So far, you’ve learned why it’s important to test your toggles, and you’ve seen a few examples of how to test them. There are a few more things to discuss before we close the section on feature toggles: dealing with a large number of toggles and the fact that the process of toggling can be subject to auditing .

8.3.4 Dealing with combinatory complexity

If you’re using multiple toggles, you should strive to verify all combinations of them, especially if there are toggles that affect each other. Even if they aren’t directly related, you should test all the combinations, because there might be indirect coupling between them. Indirect coupling can occur at any time during development. As you might guess, it can quickly become a combinatory nightmare if you have a large number of feature toggles to verify. But the more toggles you have, the more likely it is you’ll get something wrong—and the more important it is you test them. This is one of the reasons why you should always try to keep the number of feature toggles as low as possible.

One could argue that it isn’t necessary to test all combinations if you first perform a risk analysis—evaluating how much more confidence or less risk you get by testing all combinations versus testing a few of them—and then only choose a selected set of combinations to test. This approach might appear reasonable, but it’s based on the assumption that you can assess security flaws you’re unaware of. If you’re aware of them, you most likely have already addressed them.¹¹ Our recommendation is to verify all combinations of your toggles and mitigate the testing complexity by reducing the number of toggles in your codebase .

8.3.5 Toggles are subject to auditing

One thing to keep in mind when using runtime toggles is the importance of exposing the toggle mechanism in a safe manner.
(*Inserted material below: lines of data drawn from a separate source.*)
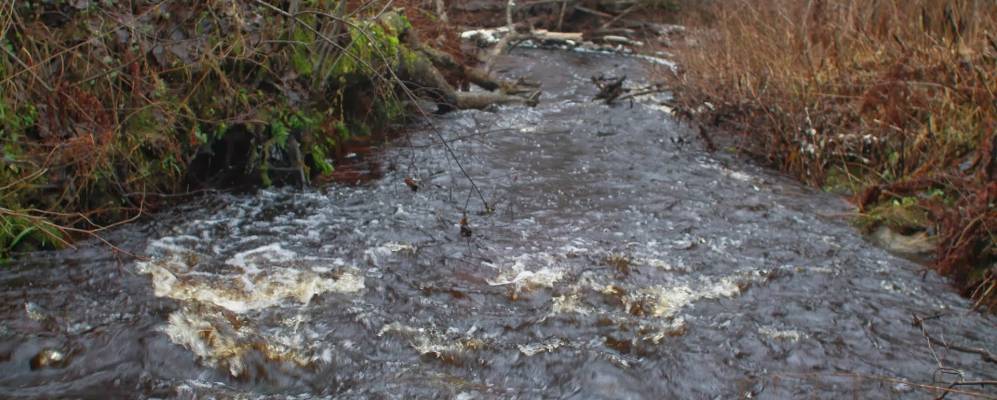 
            Фотография Перелога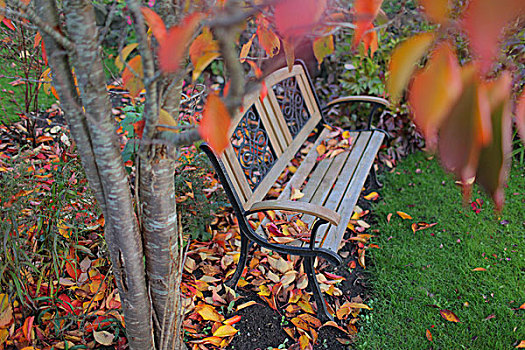 长椅,秋天,樱桃树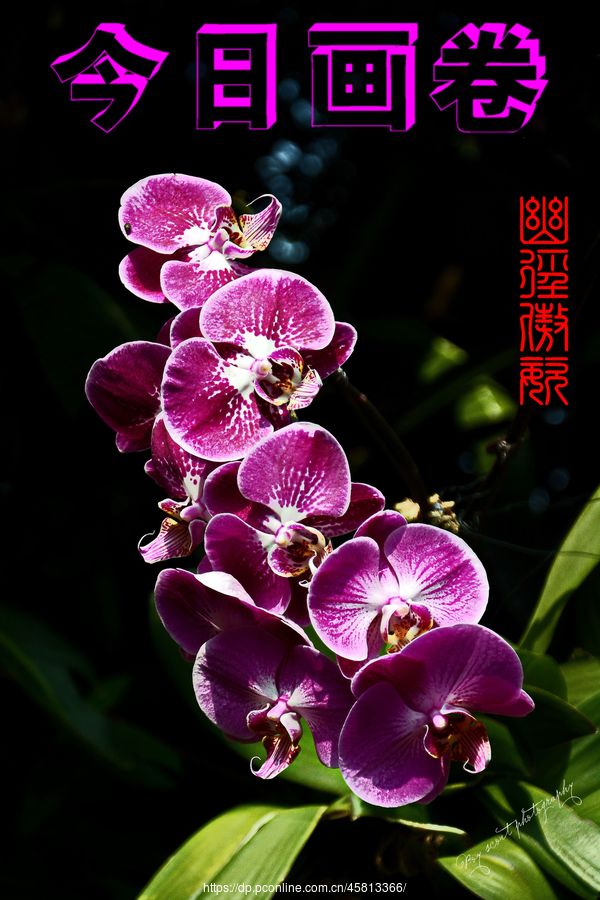 ľ·ͣƴչ(3)ľ·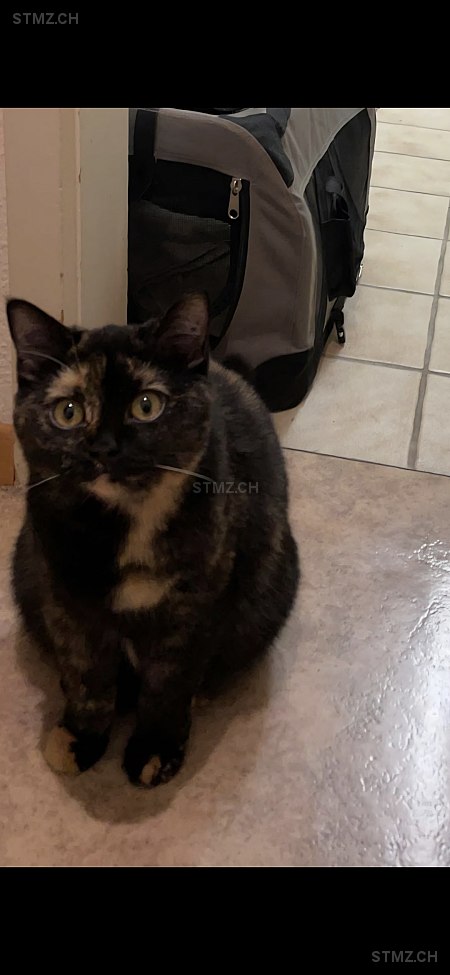 VERMISST: Katze in 8805 Richterswil (stmz.ch)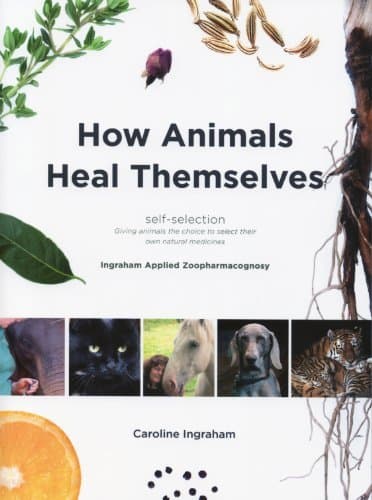 How Animals Heal Themselves: Ingraham Applied Zoopharmacognosy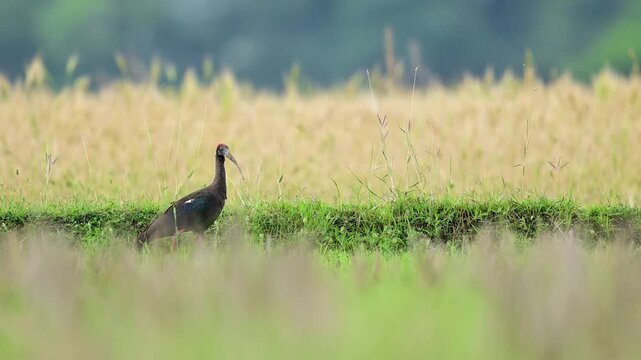 Red napped ibis is captured in a natural feeding moment, probing the earth in search of insect prey
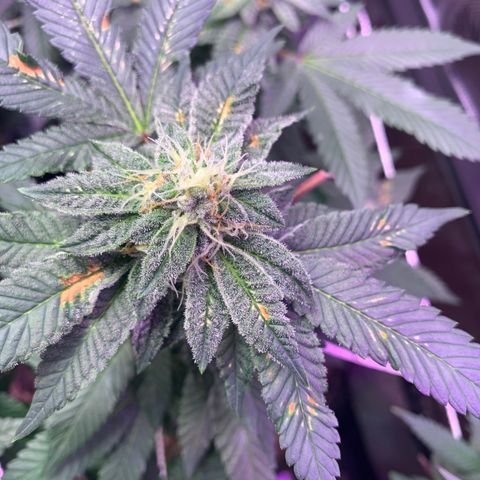 Zkittle LPC, TP & Palp Kush growlog timeline photo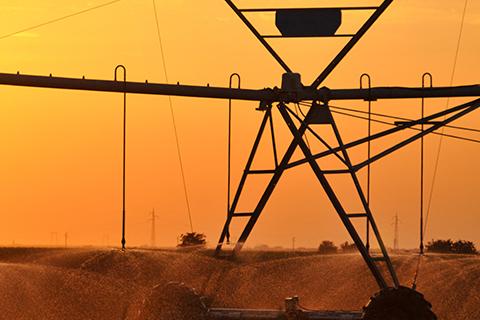 Agricultural watering equipment in a crop field.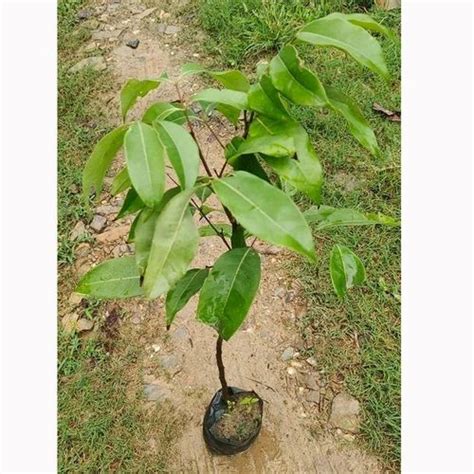 Full Sun Exposure Green Litchi Fruit Plant For Fruits At Rs 150 Piece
Because these types of toggles are changing the behavior of the application in production, the mechanism you use to change the state of the toggles should be protected so that only authorized access is possible. You should also consider if any modifications to the state of a toggle should be logged for auditing purposes. It should always be possible to identify when and by whom a toggle was changed in production.

The use of feature toggling is becoming more and more popular, and we predict many developers will come to see such toggles as a natural part of how software is developed. An effect of this is that it’ll be increasingly important to verify your toggles in an automatic way and to make that verification part of your delivery pipeline. We’re advocates of using feature toggles because they bring many benefits to software development. As long as you’re aware of the potential pitfalls and how to mitigate them, we believe the benefits far outweigh the drawbacks. In the next section, we’ll take a look at how to get started writing automated tests that explicitly verify security features and vulnerabilities.

8.4 Automated security tests

Most developers will agree that security testing is important and should be performed regularly. The reality, though, is that most software projects will never be subjected to a security audit or a penetration test, perhaps because the software has been deemed low risk or because security has been overlooked by the developers. Another common reason for why these tests are skipped, in our experience, is because penetration tests are often considered too time-consuming and costly.

Security testing tends to be time-consuming because a lot of the testing involved can be hard to automate. It’s hard to automate because it’s the experience and knowledge of the security expert that’s needed to expose possible flaws and weaknesses in an application.

In a way, the work (and value) of a penetration tester is not that different from that of a normal tester performing exploratory testing. Humans can perform tasks and logical reasoning in ways computers are still incapable of. Trying to replace a human tester with automated tests is not a realistic option, nor do we suggest it should be your goal. But some of the testing performed during a penetration test can be automated. In this section, you’ll learn how to write tests that can be used to perform a mini pen test as part of your delivery pipeline.

8.4.1 Security tests are only tests

One thing you should realize is that security tests are no different from any other tests (figure 8.3). The only difference is that as developers, for whatever reason, we choose to label the tests with the word security. If you know how to write regular automated tests to verify behavior and find bugs, you can apply the exact same principles to security testing.

Do you handle failed login attempts correctly? Write a test for it.
Does your online discussion forum have adequate protection against XSS? Write a test that tries to enter malicious data.

Once you understand that there’s nothing magical about security testing, you can start using automated tests to verify security features and to find security bugs.¹²

figure08-03.eps — Figure 8.3 Security tests are no different from other tests.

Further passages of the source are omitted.